A mis­tress of the craft mak­ing waxed ends

The mak­ing of waxed ends is, in my opin­ion, the single most import­ant core skill for a shoe­maker after pat­tern­ing. I believe it is more import­ant even than being able to sharpen a knife.

This video of Mar­quita Volken’s pro­cess for mak­ing up a waxed end is worth of many repeat watch­ings.

Of par­tic­u­lar interest is the pro­cess of skein­ing off the length of thread by wrap­ping it around the elbow and through the fin­gers and the way she con­trols the thread wrap around the bristle.

When skein­ing off thread using the tech­nique in this video you can adjust the length of thread you end up with by the num­ber of fin­gers you wrap over. A use­ful length of clos­ing thread can be made just by wrap­ping around the thumb alone. A length that goes around all four inter-fin­ger spaces is suf­fi­cient for the sole seam of a whole shoe, and then some. On my arm that’s about 3.8m of thread.

The way she’s con­trolling the thread dur­ing the ini­tial wrap around the bristle at 3:03 is very inter­est­ing.

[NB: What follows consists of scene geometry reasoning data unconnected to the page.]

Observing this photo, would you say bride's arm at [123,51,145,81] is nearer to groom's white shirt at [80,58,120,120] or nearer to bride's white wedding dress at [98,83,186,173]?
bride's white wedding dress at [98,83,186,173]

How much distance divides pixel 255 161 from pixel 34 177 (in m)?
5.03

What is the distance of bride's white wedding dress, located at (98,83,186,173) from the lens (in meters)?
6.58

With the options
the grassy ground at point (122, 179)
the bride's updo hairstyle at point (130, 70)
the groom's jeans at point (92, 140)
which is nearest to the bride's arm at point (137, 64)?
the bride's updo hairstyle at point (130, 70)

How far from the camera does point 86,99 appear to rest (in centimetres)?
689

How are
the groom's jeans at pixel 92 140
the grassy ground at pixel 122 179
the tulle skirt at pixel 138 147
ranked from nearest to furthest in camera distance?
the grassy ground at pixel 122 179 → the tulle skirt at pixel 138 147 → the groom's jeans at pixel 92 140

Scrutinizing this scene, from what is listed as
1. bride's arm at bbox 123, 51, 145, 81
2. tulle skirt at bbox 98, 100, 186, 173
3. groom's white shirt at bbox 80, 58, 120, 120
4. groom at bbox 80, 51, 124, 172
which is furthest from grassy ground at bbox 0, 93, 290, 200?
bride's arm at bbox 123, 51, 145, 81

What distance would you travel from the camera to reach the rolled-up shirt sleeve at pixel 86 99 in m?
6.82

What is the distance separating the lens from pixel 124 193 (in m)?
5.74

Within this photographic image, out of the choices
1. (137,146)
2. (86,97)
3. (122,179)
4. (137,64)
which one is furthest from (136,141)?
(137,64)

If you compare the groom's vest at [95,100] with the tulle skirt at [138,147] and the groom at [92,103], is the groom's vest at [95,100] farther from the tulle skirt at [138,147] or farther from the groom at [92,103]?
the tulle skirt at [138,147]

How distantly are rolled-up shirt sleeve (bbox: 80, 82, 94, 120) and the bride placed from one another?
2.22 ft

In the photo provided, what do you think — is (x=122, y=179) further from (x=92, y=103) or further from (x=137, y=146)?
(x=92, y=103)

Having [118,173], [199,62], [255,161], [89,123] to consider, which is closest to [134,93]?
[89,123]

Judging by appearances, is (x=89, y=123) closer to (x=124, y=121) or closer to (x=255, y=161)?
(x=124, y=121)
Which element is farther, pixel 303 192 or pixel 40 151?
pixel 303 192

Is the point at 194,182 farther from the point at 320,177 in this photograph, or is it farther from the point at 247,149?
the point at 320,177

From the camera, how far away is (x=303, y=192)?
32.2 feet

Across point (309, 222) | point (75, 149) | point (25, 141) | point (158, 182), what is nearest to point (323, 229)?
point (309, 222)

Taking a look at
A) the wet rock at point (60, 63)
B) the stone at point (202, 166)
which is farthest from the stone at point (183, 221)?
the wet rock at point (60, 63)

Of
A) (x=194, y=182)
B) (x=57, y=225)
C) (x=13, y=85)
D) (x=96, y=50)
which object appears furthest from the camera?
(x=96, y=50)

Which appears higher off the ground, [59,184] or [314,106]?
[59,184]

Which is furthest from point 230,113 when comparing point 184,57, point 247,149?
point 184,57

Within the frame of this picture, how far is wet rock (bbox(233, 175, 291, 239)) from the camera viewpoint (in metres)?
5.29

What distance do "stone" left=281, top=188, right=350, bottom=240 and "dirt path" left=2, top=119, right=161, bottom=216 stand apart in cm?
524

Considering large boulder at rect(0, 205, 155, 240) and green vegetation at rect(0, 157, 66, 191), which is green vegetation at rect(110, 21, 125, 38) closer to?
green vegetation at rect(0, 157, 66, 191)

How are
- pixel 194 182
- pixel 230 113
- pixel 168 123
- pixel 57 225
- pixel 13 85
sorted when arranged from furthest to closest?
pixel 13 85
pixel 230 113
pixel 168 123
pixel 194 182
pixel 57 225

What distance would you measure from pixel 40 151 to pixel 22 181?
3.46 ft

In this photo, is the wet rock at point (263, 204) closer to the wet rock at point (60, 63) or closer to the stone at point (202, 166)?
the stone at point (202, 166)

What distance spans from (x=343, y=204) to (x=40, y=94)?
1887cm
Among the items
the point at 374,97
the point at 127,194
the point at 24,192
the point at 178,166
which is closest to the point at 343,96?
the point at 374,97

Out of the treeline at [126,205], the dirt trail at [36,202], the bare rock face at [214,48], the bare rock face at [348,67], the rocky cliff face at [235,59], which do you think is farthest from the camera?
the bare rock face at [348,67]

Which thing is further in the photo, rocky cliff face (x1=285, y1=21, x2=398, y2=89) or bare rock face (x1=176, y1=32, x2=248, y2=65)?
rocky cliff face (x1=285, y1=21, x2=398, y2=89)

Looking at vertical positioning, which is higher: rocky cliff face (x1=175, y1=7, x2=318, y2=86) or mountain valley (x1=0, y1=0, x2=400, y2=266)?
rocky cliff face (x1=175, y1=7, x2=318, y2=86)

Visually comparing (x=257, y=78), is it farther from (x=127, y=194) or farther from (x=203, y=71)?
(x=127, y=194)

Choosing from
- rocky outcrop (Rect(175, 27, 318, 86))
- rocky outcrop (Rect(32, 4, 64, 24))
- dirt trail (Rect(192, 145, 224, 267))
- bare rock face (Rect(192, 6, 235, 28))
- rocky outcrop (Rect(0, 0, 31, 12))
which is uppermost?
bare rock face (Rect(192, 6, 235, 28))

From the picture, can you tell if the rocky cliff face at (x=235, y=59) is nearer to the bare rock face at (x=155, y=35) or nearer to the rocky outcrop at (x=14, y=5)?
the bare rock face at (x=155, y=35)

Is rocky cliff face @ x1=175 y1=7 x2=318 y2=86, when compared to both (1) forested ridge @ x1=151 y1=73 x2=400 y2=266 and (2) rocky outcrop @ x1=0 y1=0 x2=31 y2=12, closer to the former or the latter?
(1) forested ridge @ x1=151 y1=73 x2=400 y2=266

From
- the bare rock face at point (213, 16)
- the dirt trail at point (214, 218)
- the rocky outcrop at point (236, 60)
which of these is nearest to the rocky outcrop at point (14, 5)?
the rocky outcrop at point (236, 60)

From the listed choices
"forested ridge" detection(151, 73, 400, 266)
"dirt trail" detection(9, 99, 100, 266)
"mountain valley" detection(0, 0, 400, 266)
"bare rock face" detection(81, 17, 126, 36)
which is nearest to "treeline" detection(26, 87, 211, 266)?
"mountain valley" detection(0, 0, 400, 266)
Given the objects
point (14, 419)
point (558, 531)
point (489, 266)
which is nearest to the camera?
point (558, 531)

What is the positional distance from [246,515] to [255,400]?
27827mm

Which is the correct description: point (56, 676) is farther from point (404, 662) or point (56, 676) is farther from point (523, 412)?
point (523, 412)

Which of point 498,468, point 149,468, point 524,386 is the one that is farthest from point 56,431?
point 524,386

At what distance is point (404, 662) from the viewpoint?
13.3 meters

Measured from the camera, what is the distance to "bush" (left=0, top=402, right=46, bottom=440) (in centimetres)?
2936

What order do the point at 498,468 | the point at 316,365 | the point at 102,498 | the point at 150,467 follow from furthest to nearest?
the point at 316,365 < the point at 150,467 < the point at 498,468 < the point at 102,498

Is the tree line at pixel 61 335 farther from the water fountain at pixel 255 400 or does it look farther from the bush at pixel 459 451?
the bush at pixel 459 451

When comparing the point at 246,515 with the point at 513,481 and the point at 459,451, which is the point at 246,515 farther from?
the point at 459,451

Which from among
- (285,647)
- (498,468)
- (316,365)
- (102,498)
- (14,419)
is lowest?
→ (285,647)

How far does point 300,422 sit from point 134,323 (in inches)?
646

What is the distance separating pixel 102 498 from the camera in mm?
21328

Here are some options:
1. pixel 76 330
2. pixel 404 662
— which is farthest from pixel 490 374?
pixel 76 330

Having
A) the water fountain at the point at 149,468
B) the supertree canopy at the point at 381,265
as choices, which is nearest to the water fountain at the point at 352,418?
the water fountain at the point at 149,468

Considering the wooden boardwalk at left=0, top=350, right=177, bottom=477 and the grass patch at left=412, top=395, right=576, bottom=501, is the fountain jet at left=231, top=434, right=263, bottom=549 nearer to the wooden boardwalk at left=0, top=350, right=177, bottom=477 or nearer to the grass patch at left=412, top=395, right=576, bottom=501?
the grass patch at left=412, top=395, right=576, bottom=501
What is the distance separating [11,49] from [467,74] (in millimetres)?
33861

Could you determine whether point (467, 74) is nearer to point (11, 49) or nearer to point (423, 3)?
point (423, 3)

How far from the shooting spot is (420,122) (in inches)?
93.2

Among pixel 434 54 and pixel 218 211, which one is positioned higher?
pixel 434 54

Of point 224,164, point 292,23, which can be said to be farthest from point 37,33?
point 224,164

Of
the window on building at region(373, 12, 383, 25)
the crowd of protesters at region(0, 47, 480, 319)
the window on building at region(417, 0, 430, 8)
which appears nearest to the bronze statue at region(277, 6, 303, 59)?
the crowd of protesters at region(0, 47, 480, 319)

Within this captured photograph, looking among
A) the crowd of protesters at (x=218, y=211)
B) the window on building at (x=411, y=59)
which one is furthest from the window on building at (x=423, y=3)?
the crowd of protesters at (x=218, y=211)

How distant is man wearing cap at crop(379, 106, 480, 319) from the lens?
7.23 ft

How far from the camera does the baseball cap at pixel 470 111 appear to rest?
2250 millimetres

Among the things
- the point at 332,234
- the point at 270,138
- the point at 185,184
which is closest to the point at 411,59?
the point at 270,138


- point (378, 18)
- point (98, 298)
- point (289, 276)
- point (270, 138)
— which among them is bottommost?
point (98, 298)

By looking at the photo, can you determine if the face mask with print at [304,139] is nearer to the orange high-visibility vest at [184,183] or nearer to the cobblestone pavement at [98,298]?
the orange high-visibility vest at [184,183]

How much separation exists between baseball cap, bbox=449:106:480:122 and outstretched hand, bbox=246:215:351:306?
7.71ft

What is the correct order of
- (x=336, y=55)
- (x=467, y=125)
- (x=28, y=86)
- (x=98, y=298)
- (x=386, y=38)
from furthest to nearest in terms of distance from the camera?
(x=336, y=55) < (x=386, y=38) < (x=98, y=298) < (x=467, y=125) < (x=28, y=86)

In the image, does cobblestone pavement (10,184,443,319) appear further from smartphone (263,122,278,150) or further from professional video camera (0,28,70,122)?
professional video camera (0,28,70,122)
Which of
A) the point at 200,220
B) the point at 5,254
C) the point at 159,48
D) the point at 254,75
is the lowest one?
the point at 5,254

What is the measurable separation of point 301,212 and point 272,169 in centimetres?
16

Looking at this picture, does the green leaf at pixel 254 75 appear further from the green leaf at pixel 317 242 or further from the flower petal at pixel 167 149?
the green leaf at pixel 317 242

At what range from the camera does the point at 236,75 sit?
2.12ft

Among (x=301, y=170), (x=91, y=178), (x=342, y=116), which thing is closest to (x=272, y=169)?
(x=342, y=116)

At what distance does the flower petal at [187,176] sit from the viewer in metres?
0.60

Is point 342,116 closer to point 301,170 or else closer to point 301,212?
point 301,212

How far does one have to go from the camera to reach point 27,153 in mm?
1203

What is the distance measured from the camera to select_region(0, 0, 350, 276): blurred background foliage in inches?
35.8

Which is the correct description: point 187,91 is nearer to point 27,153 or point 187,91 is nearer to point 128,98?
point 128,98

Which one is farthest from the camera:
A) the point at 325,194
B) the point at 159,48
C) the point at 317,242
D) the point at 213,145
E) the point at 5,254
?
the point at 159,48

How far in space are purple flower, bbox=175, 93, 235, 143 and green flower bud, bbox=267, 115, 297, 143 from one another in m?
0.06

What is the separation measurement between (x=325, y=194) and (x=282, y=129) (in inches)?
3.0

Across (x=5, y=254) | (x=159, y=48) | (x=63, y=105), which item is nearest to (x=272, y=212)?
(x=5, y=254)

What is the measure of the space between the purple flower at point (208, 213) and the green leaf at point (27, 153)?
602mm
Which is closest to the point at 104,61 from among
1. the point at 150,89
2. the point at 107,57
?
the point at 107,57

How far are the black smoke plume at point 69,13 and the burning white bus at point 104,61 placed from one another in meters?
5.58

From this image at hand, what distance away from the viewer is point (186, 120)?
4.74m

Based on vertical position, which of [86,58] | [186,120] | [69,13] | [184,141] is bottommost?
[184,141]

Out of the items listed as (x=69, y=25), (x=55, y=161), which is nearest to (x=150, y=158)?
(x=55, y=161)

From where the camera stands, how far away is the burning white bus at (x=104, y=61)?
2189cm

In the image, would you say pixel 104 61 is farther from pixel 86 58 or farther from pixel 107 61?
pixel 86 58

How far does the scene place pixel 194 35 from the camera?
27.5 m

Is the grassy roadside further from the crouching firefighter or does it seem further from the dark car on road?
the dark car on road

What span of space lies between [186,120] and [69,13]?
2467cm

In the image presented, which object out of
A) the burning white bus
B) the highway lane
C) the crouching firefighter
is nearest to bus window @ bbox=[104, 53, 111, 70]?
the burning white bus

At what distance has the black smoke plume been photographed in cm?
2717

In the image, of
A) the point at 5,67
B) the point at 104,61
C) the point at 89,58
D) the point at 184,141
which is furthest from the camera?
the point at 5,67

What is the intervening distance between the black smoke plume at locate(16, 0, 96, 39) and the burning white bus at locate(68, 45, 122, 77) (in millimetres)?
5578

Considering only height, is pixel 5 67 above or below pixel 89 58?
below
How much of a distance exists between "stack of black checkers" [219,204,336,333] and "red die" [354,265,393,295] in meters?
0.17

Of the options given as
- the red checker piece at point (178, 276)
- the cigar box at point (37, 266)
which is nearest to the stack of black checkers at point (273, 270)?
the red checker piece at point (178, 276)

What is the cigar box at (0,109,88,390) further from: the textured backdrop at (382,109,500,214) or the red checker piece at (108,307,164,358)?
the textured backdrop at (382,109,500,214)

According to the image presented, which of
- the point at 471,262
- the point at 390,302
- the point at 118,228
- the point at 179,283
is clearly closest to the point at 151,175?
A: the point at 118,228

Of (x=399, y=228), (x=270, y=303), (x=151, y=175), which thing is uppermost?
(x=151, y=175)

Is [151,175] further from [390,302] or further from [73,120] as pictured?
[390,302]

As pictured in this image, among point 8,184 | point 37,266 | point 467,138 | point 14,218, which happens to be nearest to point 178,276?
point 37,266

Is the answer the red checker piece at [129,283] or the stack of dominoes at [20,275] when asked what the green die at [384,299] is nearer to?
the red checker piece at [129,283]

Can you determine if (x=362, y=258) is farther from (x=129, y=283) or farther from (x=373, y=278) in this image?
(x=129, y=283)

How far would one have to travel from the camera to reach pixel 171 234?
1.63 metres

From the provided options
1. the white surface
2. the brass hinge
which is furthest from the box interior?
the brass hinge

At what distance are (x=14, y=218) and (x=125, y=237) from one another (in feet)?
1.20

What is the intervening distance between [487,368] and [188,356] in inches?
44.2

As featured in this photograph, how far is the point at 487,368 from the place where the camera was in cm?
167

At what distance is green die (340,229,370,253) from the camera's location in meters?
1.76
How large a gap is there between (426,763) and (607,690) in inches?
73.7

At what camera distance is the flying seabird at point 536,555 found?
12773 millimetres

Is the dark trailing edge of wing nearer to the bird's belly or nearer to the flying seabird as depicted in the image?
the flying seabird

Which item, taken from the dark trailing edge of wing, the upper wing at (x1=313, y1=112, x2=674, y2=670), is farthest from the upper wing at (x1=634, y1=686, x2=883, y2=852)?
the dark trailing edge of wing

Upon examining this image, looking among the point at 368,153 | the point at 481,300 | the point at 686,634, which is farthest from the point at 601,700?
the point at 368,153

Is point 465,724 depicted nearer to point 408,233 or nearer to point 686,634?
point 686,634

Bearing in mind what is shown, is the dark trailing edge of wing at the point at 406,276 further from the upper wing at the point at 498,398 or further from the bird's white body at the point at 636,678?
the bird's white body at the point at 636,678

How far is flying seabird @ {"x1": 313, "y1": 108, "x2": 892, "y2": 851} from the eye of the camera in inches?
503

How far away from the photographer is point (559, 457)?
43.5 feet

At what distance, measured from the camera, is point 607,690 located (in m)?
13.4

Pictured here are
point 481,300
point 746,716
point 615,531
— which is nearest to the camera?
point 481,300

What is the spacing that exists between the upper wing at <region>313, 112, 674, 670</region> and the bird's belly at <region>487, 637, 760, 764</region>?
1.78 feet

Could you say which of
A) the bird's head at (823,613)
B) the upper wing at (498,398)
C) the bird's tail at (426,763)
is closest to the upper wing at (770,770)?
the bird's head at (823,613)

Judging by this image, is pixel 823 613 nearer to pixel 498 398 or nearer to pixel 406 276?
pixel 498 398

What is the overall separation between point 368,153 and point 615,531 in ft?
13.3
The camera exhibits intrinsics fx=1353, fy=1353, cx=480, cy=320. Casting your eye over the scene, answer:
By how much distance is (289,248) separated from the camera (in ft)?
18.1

The angle of the thread is con­trolled by the thumb of the twist­ing hand and the wrap is applied by rolling the bristle up the thumb. It’s not a tech­nique I’ve ever seen before.

Per­son­ally I’ve nev­er man­aged to make that par­tic­u­lar tech­nique for twist­ing on bristles work, I always snap the leg off the bristle, so I just braid it on with a three-strand plait. That’s secure and smooth but takes longer. Find what works for you.